I giudici di Lussemburgo hanno ricordato che l’adozione e l’applicazione di una legge di amnistia rientrano nella competenza degli Stati membri: il controllo della Corte è quindi circoscritto a questioni sistemiche relative alla tutela giurisdizionale e all’efficacia delle norme del diritto dell’Ue specificamente interessate, come la direttiva antiterrorismo e la procedura pregiudiziale.

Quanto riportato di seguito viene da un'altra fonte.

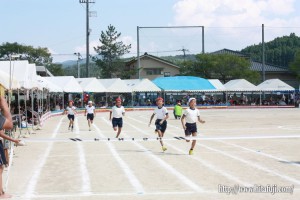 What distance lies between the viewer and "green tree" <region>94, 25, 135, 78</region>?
85912 mm

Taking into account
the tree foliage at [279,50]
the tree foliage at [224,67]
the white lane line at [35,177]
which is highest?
the tree foliage at [279,50]

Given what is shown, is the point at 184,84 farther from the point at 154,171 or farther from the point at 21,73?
the point at 154,171

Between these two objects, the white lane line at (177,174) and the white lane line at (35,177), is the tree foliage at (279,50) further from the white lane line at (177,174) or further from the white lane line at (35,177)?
the white lane line at (35,177)

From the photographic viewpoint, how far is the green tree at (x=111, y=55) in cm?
8591

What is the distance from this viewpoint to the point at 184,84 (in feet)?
205

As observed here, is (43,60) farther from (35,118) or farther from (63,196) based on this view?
(63,196)

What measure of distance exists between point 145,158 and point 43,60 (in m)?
85.6

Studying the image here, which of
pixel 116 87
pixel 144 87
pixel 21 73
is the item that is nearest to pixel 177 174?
pixel 21 73

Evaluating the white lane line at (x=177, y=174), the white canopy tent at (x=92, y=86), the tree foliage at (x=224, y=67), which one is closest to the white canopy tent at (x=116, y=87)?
the white canopy tent at (x=92, y=86)

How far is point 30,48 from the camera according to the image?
92438mm

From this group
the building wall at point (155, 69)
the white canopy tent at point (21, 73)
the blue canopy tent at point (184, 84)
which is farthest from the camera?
the building wall at point (155, 69)

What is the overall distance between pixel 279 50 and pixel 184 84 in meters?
51.7

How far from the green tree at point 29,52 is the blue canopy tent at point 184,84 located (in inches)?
1372

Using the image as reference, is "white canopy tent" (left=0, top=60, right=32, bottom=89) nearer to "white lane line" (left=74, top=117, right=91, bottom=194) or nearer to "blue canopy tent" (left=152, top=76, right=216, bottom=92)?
"white lane line" (left=74, top=117, right=91, bottom=194) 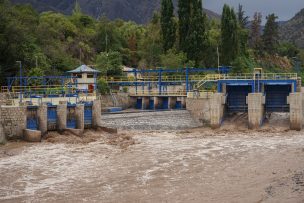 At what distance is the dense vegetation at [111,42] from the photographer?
5109 cm

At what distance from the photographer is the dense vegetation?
51.1m

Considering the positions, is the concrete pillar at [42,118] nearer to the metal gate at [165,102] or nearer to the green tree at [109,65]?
the metal gate at [165,102]

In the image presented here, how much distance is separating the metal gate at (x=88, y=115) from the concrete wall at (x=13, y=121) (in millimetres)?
6341

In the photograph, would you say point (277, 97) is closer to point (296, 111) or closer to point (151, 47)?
point (296, 111)

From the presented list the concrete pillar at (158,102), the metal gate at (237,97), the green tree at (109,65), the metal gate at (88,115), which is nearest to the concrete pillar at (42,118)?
the metal gate at (88,115)

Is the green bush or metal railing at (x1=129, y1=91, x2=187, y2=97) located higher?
the green bush

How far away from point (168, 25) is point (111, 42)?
15658 millimetres

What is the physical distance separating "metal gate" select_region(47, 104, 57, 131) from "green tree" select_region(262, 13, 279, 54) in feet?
227

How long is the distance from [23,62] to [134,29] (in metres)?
41.1

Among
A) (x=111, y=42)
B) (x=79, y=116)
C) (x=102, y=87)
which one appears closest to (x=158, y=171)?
(x=79, y=116)

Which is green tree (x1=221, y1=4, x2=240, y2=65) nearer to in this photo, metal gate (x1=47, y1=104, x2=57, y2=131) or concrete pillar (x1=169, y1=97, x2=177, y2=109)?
concrete pillar (x1=169, y1=97, x2=177, y2=109)

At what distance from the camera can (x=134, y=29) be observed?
90.9 metres

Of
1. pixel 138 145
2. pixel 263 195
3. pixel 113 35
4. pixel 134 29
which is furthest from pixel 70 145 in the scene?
pixel 134 29

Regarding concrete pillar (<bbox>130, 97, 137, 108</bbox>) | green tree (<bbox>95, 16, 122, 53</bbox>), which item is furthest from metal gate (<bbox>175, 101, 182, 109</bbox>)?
green tree (<bbox>95, 16, 122, 53</bbox>) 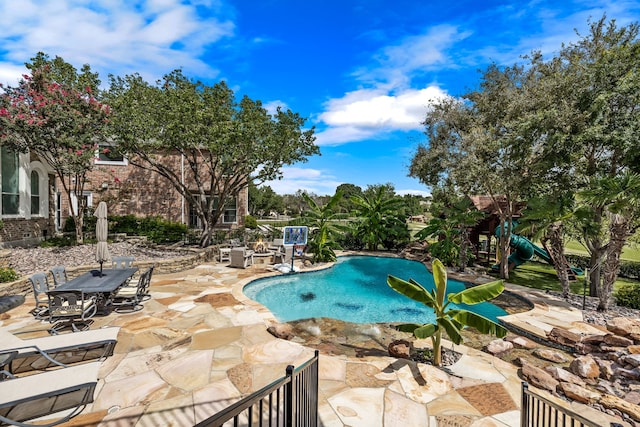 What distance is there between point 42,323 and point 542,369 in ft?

La Corte dei Conti spagnola e l’Alta Corte nazionale avevano rivolto alla Corte di Giustizia dell’Ue domande sulla compatibilità della legge di amnistia adottata nel giugno 2024 con il diritto europeo rispetto ad atti compiuti nel quadro del processo indipendentista catalano. Riunita in Grande Camera, la Corte ha ritenuto che non sussista una contrarietà tra le norme.
Secondo la Corte di Giustizia, la legge mira a ridurre le tensioni istituzionali e politiche e a favorire la riconciliazione. Prevede che i tribunali nazionali pronuncino entro un termine massimo di due mesi l’estinzione della responsabilità, senza dover esaminare memorie difensive e prove a discarico né ascoltare tutte le parti, e stabilisce l’assenza di perseguimento penale per reati di terrorismo commessi esclusivamente nel contesto del movimento per l’indipendenza catalana, con l’eccezione degli atti che abbiano “intenzionalmente” cagionato “gravi” violazioni dei diritti umani.
Quanto alle norme procedurali incluse nella legge, la Corte sottolinea che il suo controllo riguarda soltanto eventuali problemi di natura sistemica in grado di compromettere il corretto funzionamento del sistema giudiziario nazionale. Secondo il giudizio di Lussemburgo, le disposizioni procedurali della legge spagnola sull’amnistia non determinano tali problemi.
La Corte conclude inoltre che la legge non compromette l’efficacia della direttiva sulla lotta al terrorismo: essa dispone semplicemente, con effetto retroattivo e in modo limitato al contesto del movimento indipendentista catalano, l’assenza di perseguimento penale per determinate fattispecie.
La Corte avverte però che la legge non deve pregiudicare la procedura pregiudiziale: il termine di due mesi previsto per la pronuncia di estinzione della responsabilità non può essere applicato se nel procedimento nazionale è stata sollevata una questione pregiudiziale dinanzi alla Corte senza consentire di attendere la sua decisione.
Se una norma dell’amnistia producesse tale effetto, sostengono i giudici di Lussemburgo, dovrebbe essere annullata.
Il Partido Popular, che ha condotto una forte opposizione politica alla legge, ha reagito dichiarando di mostrare “rispetto assoluto” per la sentenza, come riporta il quotidiano catalano La Vanguardia. Fonti del partito hanno aggiunto che la sentenza non chiude il dibattito, perché saranno i tribunali spagnoli ad applicare direttamente la legge.